ENTRIES PROVIDED Block Start

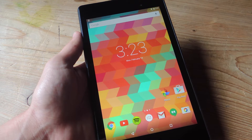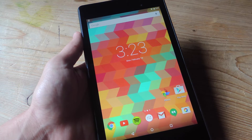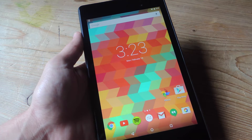Hey, what's up everybody, it's Neo here with GadgetHacks. Today I'm going to show you how to turn your favorite websites into app icons that can be easily accessed from your Android's home screen.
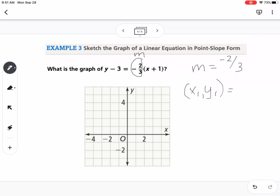For our point, x1 is right here — because it's plus, I know it's negative 1. And y1 is right here — because it's minus, I know it's positive 3. So it's the opposite of what we might think. Now I can plot the point at (-1, 3).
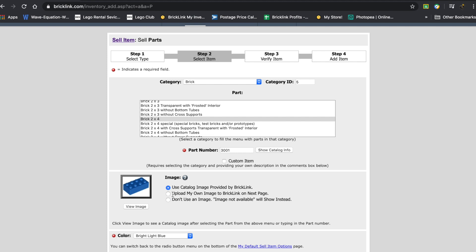Now if you want, what you can do is upload my own image to BrickLink on next page. So if you select that, this will still stay, but on the next page it will allow you to insert a JPG or a PNG, whatever you want. Or you can just not use an image and just have image not available show instead.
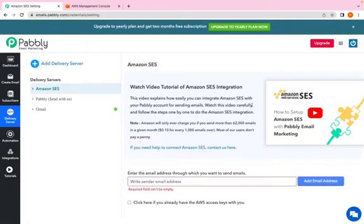Hi and welcome to Pabbly email marketing. I am Risham Arthwani and in this video we'll be connecting Amazon SES with Pabbly email marketing. Let's get started.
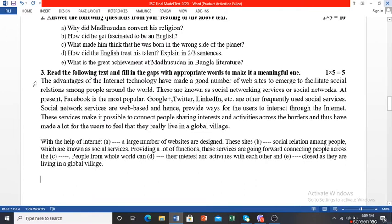Question number 3 involves another passage — a part of a passage from your EFT (English for Today) book. It is a fill-in-the-gaps exercise: there will be five gaps and you have to fill them in based on your reading of the above text.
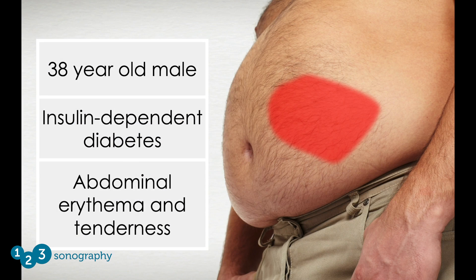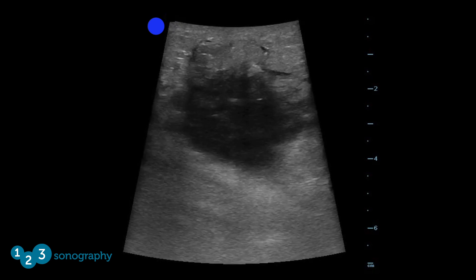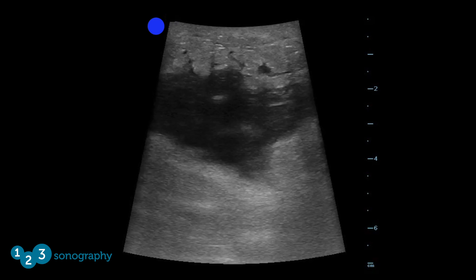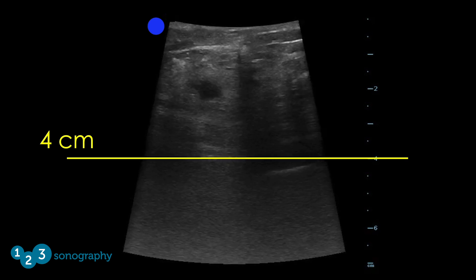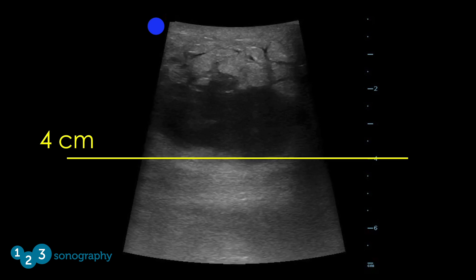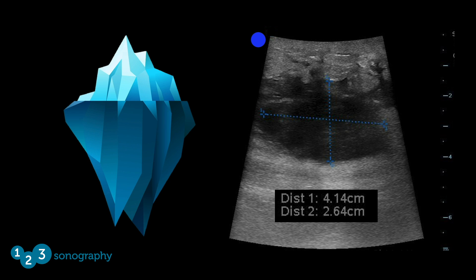Case number three: a 38-year-old male with insulin-dependent diabetes presenting with several days of abdominal erythema and tenderness at his insulin injection site. Using a curvilinear probe, a heterogeneous fluid collection is identified in the soft tissue over the inflamed area. The abscess is more than 4 centimeters deep — a linear array transducer would not likely visualize the full extent of the cavity. Because of the size on ultrasound, the patient was sent to CT and then to the operating room. This illustrates that an abscess can be like an iceberg — examination of the skin does not give an accurate indication of its full size. Ultrasound allows the clinician to fully appreciate the extent of the problem and choose the best management strategy.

ENTRIES PROVIDED Block End

§ **DIRECTIONS FOR THIS TASK**:
Reproduce the records above exactly, but only from the line containing "For our point, x1" through the last line, both included, and without any pictures.

§ **RESULT OF THIS EXERCISE**:
For our point, x1 is right here — because it's plus, I know it's negative 1. And y1 is right here — because it's minus, I know it's positive 3. So it's the opposite of what we might think. Now I can plot the point at (-1, 3).
Now if you want, what you can do is upload my own image to BrickLink on next page. So if you select that, this will still stay, but on the next page it will allow you to insert a JPG or a PNG, whatever you want. Or you can just not use an image and just have image not available show instead.
Hi and welcome to Pabbly email marketing. I am Risham Arthwani and in this video we'll be connecting Amazon SES with Pabbly email marketing. Let's get started.
Question number 3 involves another passage — a part of a passage from your EFT (English for Today) book. It is a fill-in-the-gaps exercise: there will be five gaps and you have to fill them in based on your reading of the above text.
Case number three: a 38-year-old male with insulin-dependent diabetes presenting with several days of abdominal erythema and tenderness at his insulin injection site. Using a curvilinear probe, a heterogeneous fluid collection is identified in the soft tissue over the inflamed area. The abscess is more than 4 centimeters deep — a linear array transducer would not likely visualize the full extent of the cavity. Because of the size on ultrasound, the patient was sent to CT and then to the operating room. This illustrates that an abscess can be like an iceberg — examination of the skin does not give an accurate indication of its full size. Ultrasound allows the clinician to fully appreciate the extent of the problem and choose the best management strategy.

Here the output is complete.